Nous avons également Xu, fossoyeur au cimetière, vivant sur un bateau avec ses nombreuses femmes, un charlatan avare, mais un personnage pas moins dénué d’intérêt malgré le manque d’humanité dont il peut faire preuve, car il est doué dans ce qu’il fait et, s’il n’a pas le talent de Ci, sait s’y prendre avec les cadavres. Je ne peux pas ne pas évoquer Ming, professeur de renom, admiré par ses élèves et surtout Ci, en qui il a vu énormément de potentiel et qui désire lui laisser sa chance, j’ai beaucoup aimé la dévotion qu’ils ont l’un envers l’autre, ce qui prend une signification toute particulière quand [spoiler] on apprend que la préférence de Ming va aux hommes et qu’il est tombé amoureux de Ci, dommage que l'auteur n'ait pas plus exploité cela, même si ce n'était pas le sujet du roman [/spoiler] ainsi que le juge Feng qui a joué de mentor au jeune Ci et dont le rebondissement le concernant m'a vraiment surprise et qui nous montre une facette du personnage qu'on aurait pas imaginé, et qui nous permet de le considérer, ainsi que la première partie du roman, sous un autre regard.

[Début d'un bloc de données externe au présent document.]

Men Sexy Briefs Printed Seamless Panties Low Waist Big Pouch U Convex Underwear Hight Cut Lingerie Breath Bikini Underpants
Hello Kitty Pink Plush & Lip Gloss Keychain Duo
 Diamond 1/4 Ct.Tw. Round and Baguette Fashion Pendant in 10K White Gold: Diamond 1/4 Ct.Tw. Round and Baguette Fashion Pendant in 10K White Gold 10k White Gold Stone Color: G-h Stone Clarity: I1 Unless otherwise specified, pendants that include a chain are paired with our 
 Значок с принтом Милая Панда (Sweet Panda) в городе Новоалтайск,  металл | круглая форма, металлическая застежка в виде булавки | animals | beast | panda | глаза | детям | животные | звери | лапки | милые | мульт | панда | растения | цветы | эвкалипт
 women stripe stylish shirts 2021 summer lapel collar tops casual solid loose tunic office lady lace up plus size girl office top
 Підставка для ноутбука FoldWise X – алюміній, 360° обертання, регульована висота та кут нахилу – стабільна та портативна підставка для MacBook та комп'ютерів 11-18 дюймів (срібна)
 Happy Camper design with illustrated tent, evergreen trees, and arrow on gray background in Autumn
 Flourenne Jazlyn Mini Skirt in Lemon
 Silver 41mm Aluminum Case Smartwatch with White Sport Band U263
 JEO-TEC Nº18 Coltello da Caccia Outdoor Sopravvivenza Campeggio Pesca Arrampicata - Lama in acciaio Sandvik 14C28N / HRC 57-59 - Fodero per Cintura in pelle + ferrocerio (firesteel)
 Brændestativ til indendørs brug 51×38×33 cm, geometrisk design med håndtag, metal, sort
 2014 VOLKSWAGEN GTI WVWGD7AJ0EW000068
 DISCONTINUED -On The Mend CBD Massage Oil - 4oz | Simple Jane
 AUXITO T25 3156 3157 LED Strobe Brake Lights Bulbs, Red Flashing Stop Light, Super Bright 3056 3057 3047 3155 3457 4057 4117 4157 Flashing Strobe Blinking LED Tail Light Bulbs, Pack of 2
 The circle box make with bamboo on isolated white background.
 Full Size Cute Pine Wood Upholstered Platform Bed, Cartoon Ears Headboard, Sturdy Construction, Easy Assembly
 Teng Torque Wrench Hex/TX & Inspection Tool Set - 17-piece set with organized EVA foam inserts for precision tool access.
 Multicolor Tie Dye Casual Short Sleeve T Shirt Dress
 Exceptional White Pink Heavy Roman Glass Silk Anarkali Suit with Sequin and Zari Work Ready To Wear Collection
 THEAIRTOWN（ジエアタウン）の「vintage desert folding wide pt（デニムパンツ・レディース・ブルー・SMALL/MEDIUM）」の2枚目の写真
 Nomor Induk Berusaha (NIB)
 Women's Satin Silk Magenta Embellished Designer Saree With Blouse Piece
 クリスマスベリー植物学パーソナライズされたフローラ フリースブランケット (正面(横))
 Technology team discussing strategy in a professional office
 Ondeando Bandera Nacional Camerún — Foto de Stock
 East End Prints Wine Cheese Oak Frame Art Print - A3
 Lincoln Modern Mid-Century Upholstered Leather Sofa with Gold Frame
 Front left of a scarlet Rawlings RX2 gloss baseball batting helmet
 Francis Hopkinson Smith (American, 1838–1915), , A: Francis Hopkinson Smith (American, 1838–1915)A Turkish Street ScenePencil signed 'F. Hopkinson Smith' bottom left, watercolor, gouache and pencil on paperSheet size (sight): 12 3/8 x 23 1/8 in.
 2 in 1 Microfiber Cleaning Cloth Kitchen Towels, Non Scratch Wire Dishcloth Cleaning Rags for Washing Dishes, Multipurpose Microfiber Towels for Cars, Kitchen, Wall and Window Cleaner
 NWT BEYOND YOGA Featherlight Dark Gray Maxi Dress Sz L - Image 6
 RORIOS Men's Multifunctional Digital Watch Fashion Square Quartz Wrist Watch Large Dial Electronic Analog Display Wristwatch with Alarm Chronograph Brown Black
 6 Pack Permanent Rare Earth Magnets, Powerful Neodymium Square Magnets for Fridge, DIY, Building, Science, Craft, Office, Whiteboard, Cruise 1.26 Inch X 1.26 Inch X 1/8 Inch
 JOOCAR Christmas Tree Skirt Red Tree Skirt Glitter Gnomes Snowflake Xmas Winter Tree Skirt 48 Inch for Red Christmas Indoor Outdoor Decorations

L'autre point positif, c'est quand une véritable enquête débute. L'histoire prend alors une toute autre tournure et devient un véritable roman policier. Enquête, interrogatoires, recherche d'indices, de mobiles et, bien sûr, étude des cadavres. Nous apprenons de nombreuses choses à travers Ci et ceux qui vont contribuer à le former, ce qui nous permet de comprendre ce qu’on peut “lire” sur un cadavre et comment : ce que disent les blessures et hématomes sur les causes de la mort, les indices dévoilés à travers la décomposition du corps, les traces dans les os, les entrailles et comment tout ceci nous donne des indices sur les causes de la mort, l’environnement où cela s’est produit, l’arme utilisée, différencier un suicide ou une mort accidentelle par un meurtre… Bien-sûr, il peut s’avérer nécessaire d’avoir le cœur bien accroché, tant pour certaines scènes d’autopsie mais aussi lors de la description de scènes de tortures dont on peine à imaginer qu’elles ont réellement existé. Ci Song a vraiment su comment analyser, faisant de lui, sans aucun doute, le précurseur de la médecine légiste.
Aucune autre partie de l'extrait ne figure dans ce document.